Environmentalists have called on the pope to halt the chopping down of a tree destined for St. Peter’s Square this Christmas, but the town providing the tree says it was doomed anyway.
In a few days, President Biden will be presented with a live turkey that he will undoubtedly pardon, partaking in an enduring pre-Thanksgiving ritual that may be “America’s most hokey modern presidential tradition.”
In Italy this year, environmentalists are calling on Pope Francis to stay the execution — so to speak — of a tree towering nearly 100 feet tall that hails from the northern region of Trentino and has been destined to adorn St. Peter’s Square for the Christmas season.

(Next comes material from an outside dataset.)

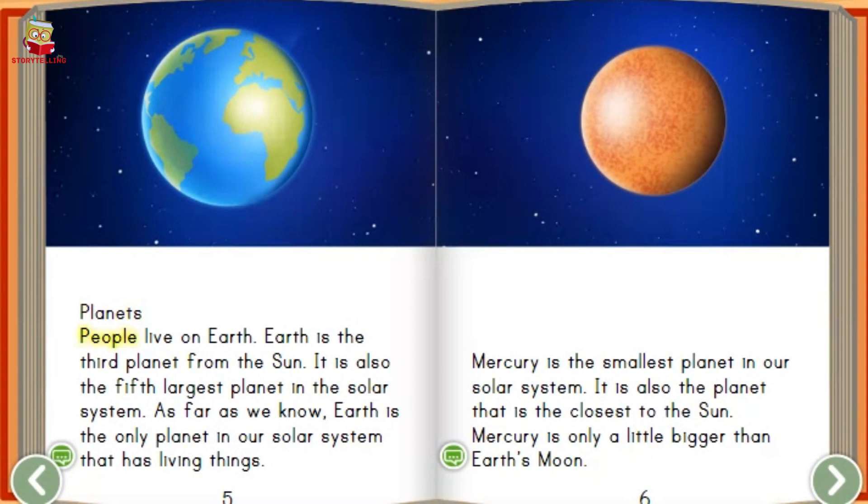Planets. People live on earth. Earth is the third planet from the sun. It is also the fifth largest planet in the solar system. As far as we know, earth is the only planet in our solar system that has living things.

Citing three of Francis’s major documents on the importance of safeguarding the environment, opponents of the tree’s relocation drafted an online petition calling on the pope to “give clear signals so that we can change our approach toward respecting nature” and spare the tree.
The petition demands “no to fircide” (doubtlessly the evergreen tree equivalent of homicide), saying “Christmas trees are a pagan tradition and have nothing to do with the birth of Christ.”

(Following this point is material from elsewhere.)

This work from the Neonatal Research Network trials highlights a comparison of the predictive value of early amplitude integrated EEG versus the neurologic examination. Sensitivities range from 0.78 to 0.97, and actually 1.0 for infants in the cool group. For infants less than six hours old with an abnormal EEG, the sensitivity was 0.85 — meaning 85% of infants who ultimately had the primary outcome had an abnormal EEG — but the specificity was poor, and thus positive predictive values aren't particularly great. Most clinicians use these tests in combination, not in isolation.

Ancient Romans are believed to have decorated their homes with evergreen boughs to mark the winter solstice during a feast called Saturnalia. But decorated trees later took root throughout Europe as part of the Christian holiday festivities, with Latvia and Estonia having squabbled over being the site of the world’s first decorated Christmas tree.
In Italy, where many churches and families still celebrate Christmas with miniature nativity scenes, the Christmas tree tradition only really took hold after the end of World War II.

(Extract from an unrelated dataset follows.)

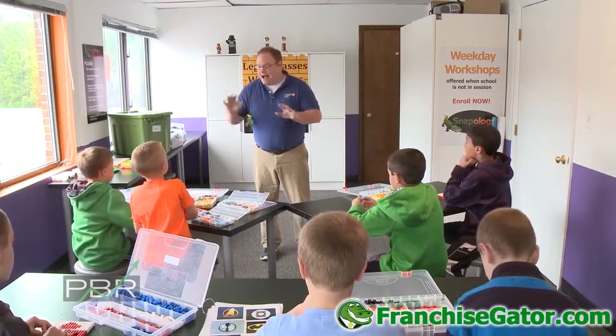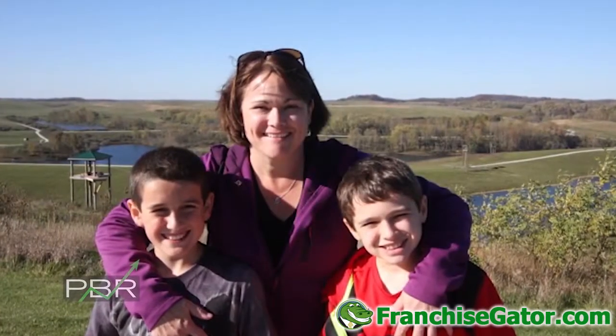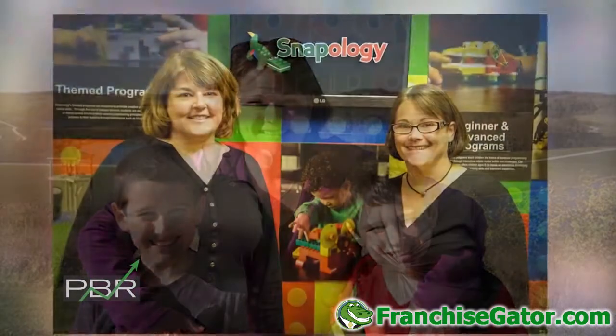Snapology's mission is to educate and entertain children using a hands-on learning approach. Legos are the number one toy in the world. I have two little boys, so when we started looking into different businesses we could work with children,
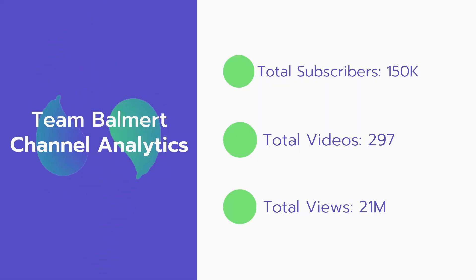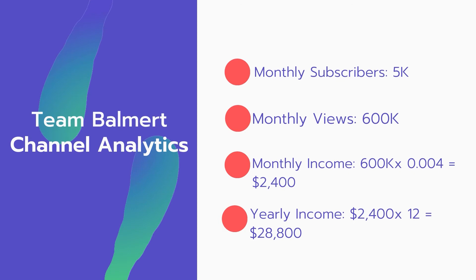Now let's go over Team Baumer's channel analytics. Total subscribers: 150,000. Total videos: 297 videos. Total views: 21 million. Monthly subscribers: 5,000 every month. Monthly views: 600,000.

But Italians don’t seem particularly sentimental about the tradition. In Rome, one Christmas tree near City Hall was criticized for being too mangy, and another was compared to a piece of Ikea furniture or Frankenstein. In Naples, trees are regularly stolen.
At the Vatican, the Christmas tree tradition dates to 1982, when a Polish farmer brought Pope John Paul II a tree “all the way” from Poland.
“Since then, the offering of the Christmas tree to the Pope has become an honor,” according to the Vatican, which annually accepts a tree donated from a different European country or region.
Renato Girardi, the mayor of Ledro, the town that gives its name to the valley where this year’s tree is from, said his offer had been on a Vatican waiting list for nine years.
“We wanted to unite the community around a tree,” he said in a telephone interview.
At least tens of thousands apparently disagree with the tree’s planned fate, with the online petition drawing signatures from nearly 50,000 people.
This week, organizers of the protest printed out all the names of the signatories and sent them in a hefty package to Pope Francis (with a request for acknowledgment of receipt).
“We heard the pope doesn’t have an email — but he does open letters,” said Ornella Dorigatti, president of Bearsandothers, one of the groups involved in the protest. They used recycled paper, she said.
The protest also encourages people to print and mail to the pope a pre-written letter, which describes the chosen tree as having been a “mute spectator to two world wars” and having given “shade, shelter and delight” to generations of residents of Ledro and visitors.
Actually, local officials have yet to identify which specific tree would be chopped down, since they want to mislead protesters who had pledged to chain themselves to it, Ms. Dorigatti said.
The letter calls on the pope to do as St. Francis of Assisi would have done: Choose nature over notoriety.
But Mr. Girardi, the mayor, noted that the valley’s economy was dependent on the lumber industry, and that the tree was one of several scheduled to be felled this year in compliance with PEFC, the European Commission forestry certification system.
“If it doesn’t go to Rome it will go to a sawmill,” he said.
“The entire community is involved in this project,” he said, adding that some 600 residents, out of the valley’s population of 5,400, were planning to go to Rome for the tree-lighting ceremony in December.
The mayor said that once the tree had done its turn in St. Peter’s Square, it would be brought back to Ledro and carved into a sculpture for a local art park.
The Vatican did not immediately respond to a request for comment.